Archive for January, 2008

The Road Is My Home

Thursday, January 31st, 2008

I’m writing this during the twilight hours of my time as a San Francisco resident. I’m sitting in my nearly-empty apartment. My movers came yesterday and took almost everything. All that’s left are the things that the Salvation Army is picking up today, and the stuff I’m taking in the car with me.

The Car? … That’s right, if you didn’t already know I’m driving back to Atlanta. I’m looking forward to the roadtrip, but in these hours before that adventure begins I’m a little sad and nostalgic about San Francisco. My past month here has been fantastic (the month after I told everyone I was leaving). I’ve had such a good time enjoying the city and all the people I know here. Lately I’ve really felt like everything was going really well for me (except for not having a job, of course), so it’s definitely a difficult situation to walk away from. Still, I have to have faith in my decision to move home to Atlanta, and as many of my San Francisco friends have mentioned “hey, if you don’t like it there, just come back!”

The Route I actually don’t yet know much about what route I’m taking to get back to Atlanta. I know I’m going down to LA to see a couple friends this weekend, then maybe the Grand Canyon, then maybe to San Antonio to see my sister’s family. If any of you loyal readers have any suggestions about what is worth seeing between here and there, please chime in with some comments (or if you’re comment shy, please email me). If you have a good idea, please don’t keep it to yourself – I’m planning on posting updates from the road, so if I take your suggestion, you’ll get to read all about it on here.

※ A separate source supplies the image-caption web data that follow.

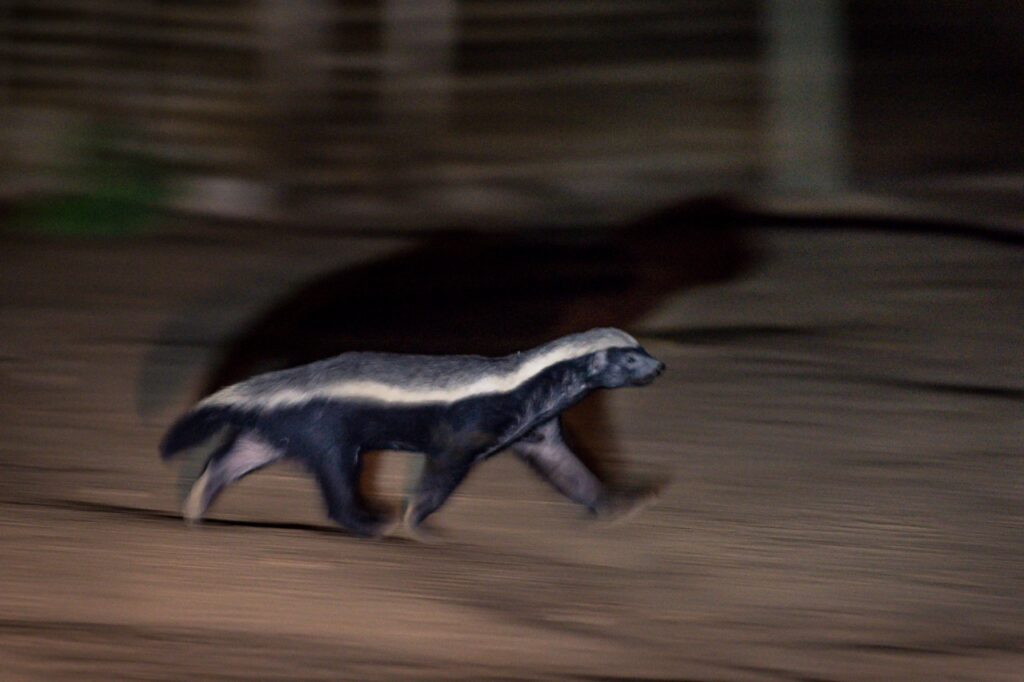 honey badger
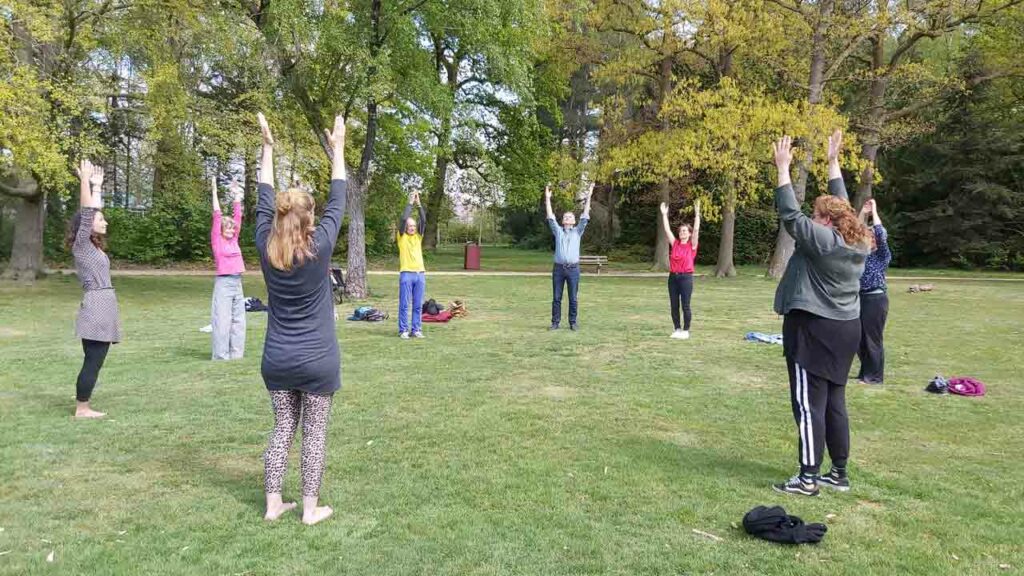 Chineng qigong groep in het gras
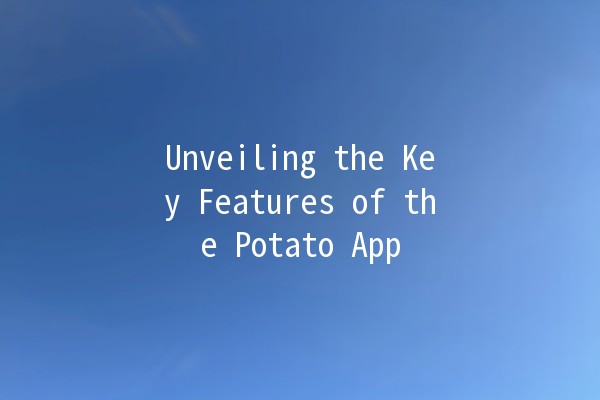 Unveiling the Key Features of the Potato App 🥔✨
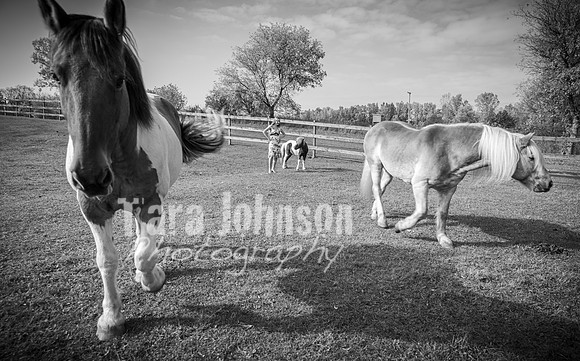 Alyssa Hagan - BW - TJP (111 of 111)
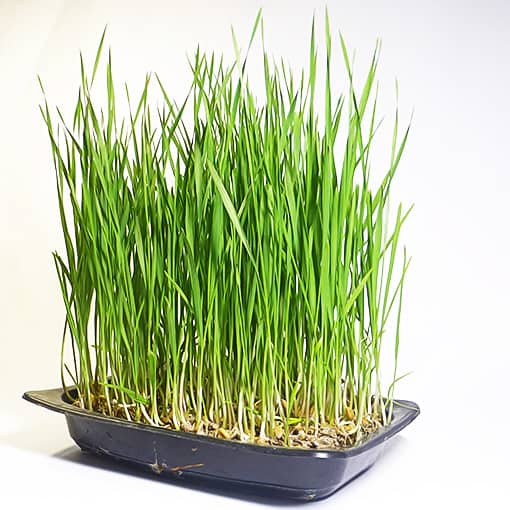 How to Grow Organic Fresh Wheatgrass at Home, Wheatgrass Seeds from Shashi N Gautam Web Shop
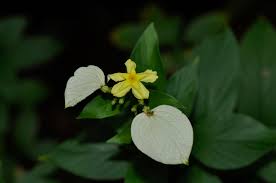 Image result for Pseudomussaenda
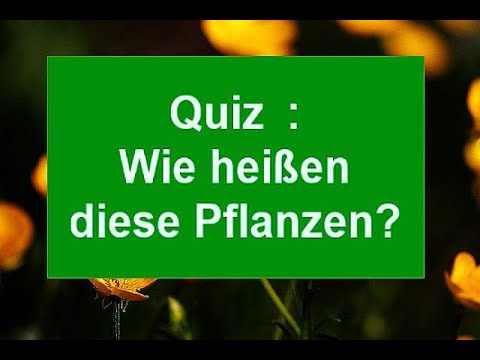 Video: Geyherella (42 Fotos): Die Namen Von Sorten Und Arten Von Krautigen Pflanzen Für Das Freiland. Goldenes Zebra Und Ampel, Messinglaterne Und Wandteppich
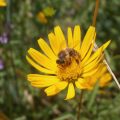 Pčela na žutom livadnom cvijetu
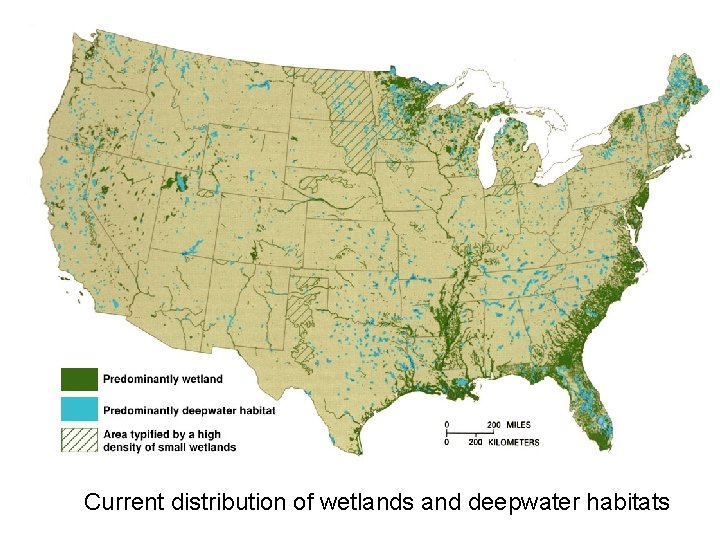 Current distribution of wetlands and deepwater habitats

I’m still working on my 10 things I’m looking forward to in Atlanta, but as I discovered in my last “10 things” list, ten is a lot of things to come up with.

Now I’m off to call all of my utilities providers to cancel my service. Farewell San Francisco….

Sundance 2008 in words and crappy pictures

Sunday, January 27th, 2008

Sundance Intro Screen

I recently returned from Park City where attended the Sundance Film Festival for the second year in a row. It’s funny, I would probably describe myself as a below-average film fan. I went last year because a group of my friends were going and had an opening in their condo. I like skiing and snowboarding and I figured that was reason enough for a trip to Park City. If the film festival was worthwhile, that would just be a bonus. I wound up loving the film festival and was anxious to return this year. Still, you should remember that my impressions below are those of a casual film fan.

The Scene: The scene is rich white people and celebrities. It’s always very crowded on main street – “the strip” in park city, but many of the people there are only there for the films, so the mountain is relatively empty. It is one of the best times of the year to ski or snowboard because the lift lines are always very short.

Getting Tickets: There’s a lottery system which you have to use to get a window of time during which you can buy tickets. Movies play all day long at eight different theaters around Park City. There’s a free bus system that takes everyone to all of the theaters. We did well this year and got a lot of tickets. When it was all done I saw 9 movies, and some of them were really good.

Q&A: The coolest thing about Sundance to me is that after the films play, members of the cast and crew get up on stage to talk about the film and answer questions from the audience. This such a unique opportunity, and often I find that the Q&A can greatly sway my opinion of the movie. Most of my pictures below are from the Q&A segment for these films.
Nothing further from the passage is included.